Aayush-Ankit / puma-simulator

[ASPLOS 2019] PUMA-simulator provides a detailed simulation model of a dataflow architecture built with NVM (non-volatile memory), and runs ML models compiled using the puma compiler.
MIT License
50 stars 43 forks source link

Questions about executing VGG-16 #37

Closed yunchenlo closed 4 years ago

yunchenlo commented 4 years ago

Dear Aayush Ankit,

Thank you for your work.

I would like to ask how PUMA is capable of executing models which exceeds PUMA memory capacity.

For example, according to table 3 in PUMA paper, you have in total 4.3125 MB memristor capacity. However, typical DNNs such as VGG-16 requires 138MB or more.

How PUMA accelerator handle this condition? In addition, does the throughput simulation includes weight transfer time when executes these models?

Thank you in advance! Yun-Chen Lo

Aayush-Ankit commented 4 years ago

Thanks Yun-Chen for reading our work.

The model storage capacity (memristor) of 1 PUMA node is ~70MB = 128*128*2B (MVMU) * 2 (MVMUs per core) * 8 (cores per tile) *138 (tiles per node). Subsequently, workloads with model storage requirements > 70MB (for eg. Vgg-16) are mapped across multiple nodes over chip-to-chip interconnect - see off-chip network in Table 3.
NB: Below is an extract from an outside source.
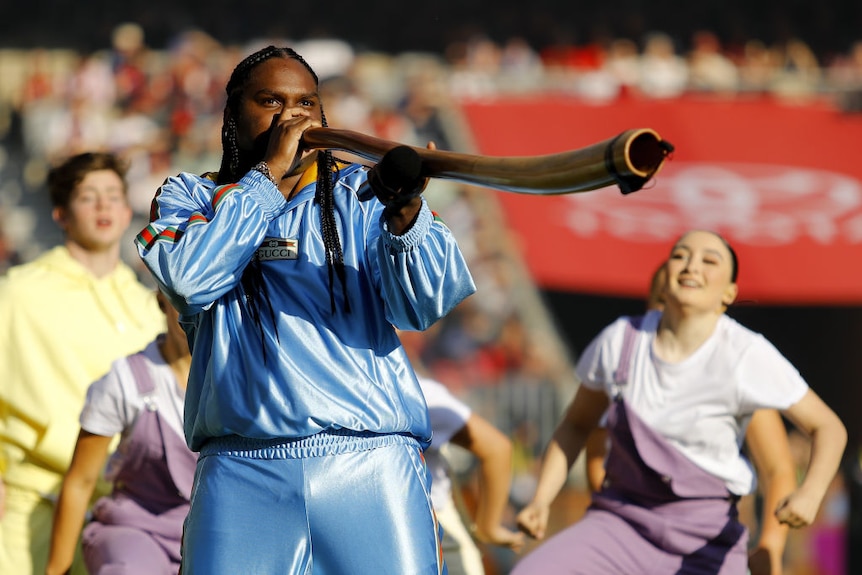 artist baker boy plays a digeridoo while wearing a baby blye satin gucci tracksuit. there are backup dancers behind him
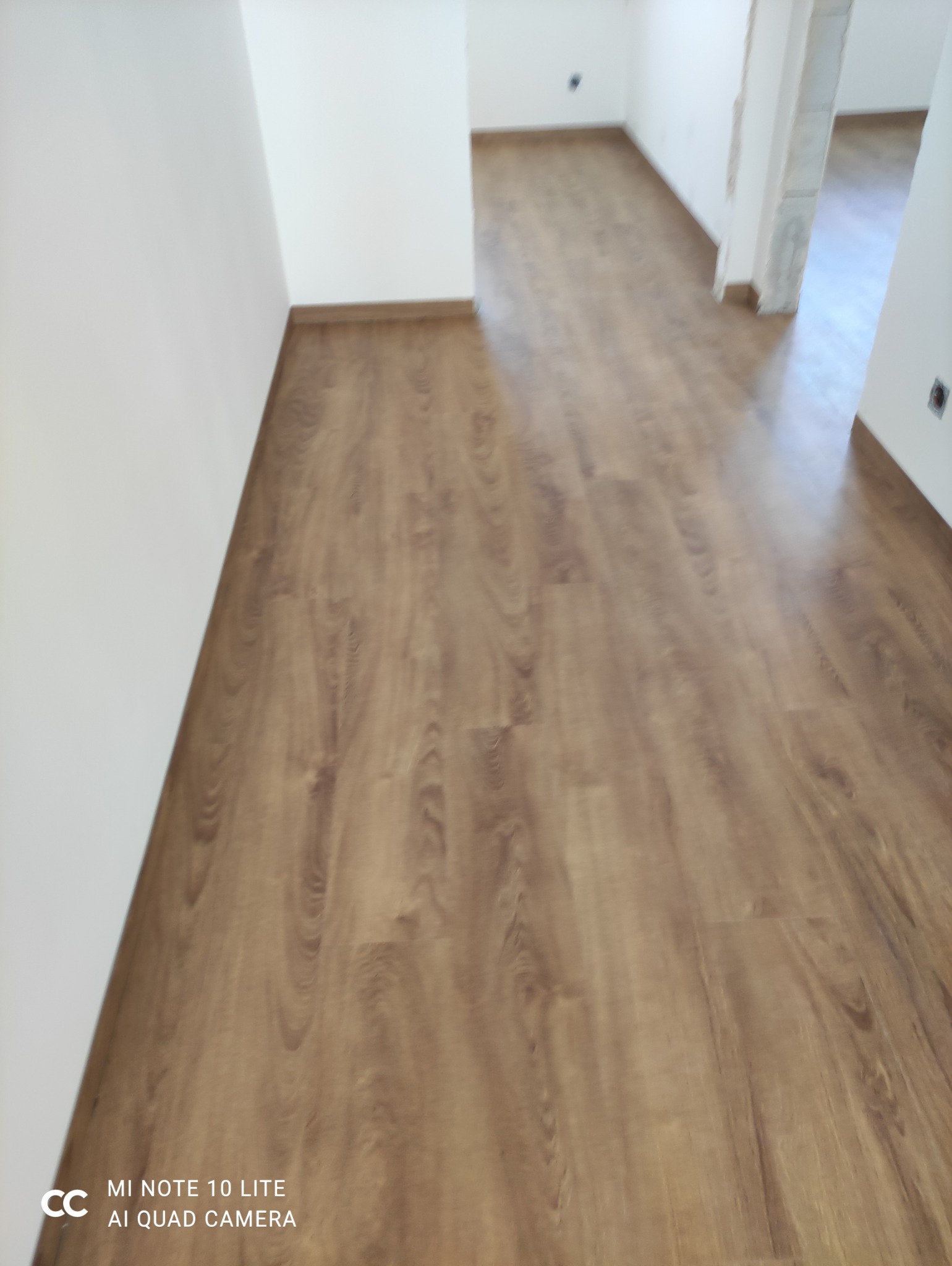 Ułożone panele podłogowe w korytarzu, widoczne białe ściany. Wykończenie w odcieniach brązu, perspektywa od dołu do góry. Widok na świeżo wykończone wnętrze.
No, our throughput simulation doesn't include configuration time aspects - weight transfer, instruction transfer.

yunchenlo commented 4 years ago

Dear Aayush Ankit,

Thank you! In addition, is the MVMU memeristor capacity 128*128*(2Byte) ? I think each cell only holds 2 bit

Yun-Chen

Aayush-Ankit commented 4 years ago

Each memristor cell holds 2 bits, and each MVMU has 8 physical memristive crossbars to represent 16 bit weights.

yunchenlo commented 4 years ago

This completes my understanding!

Thanks! Yun-Chen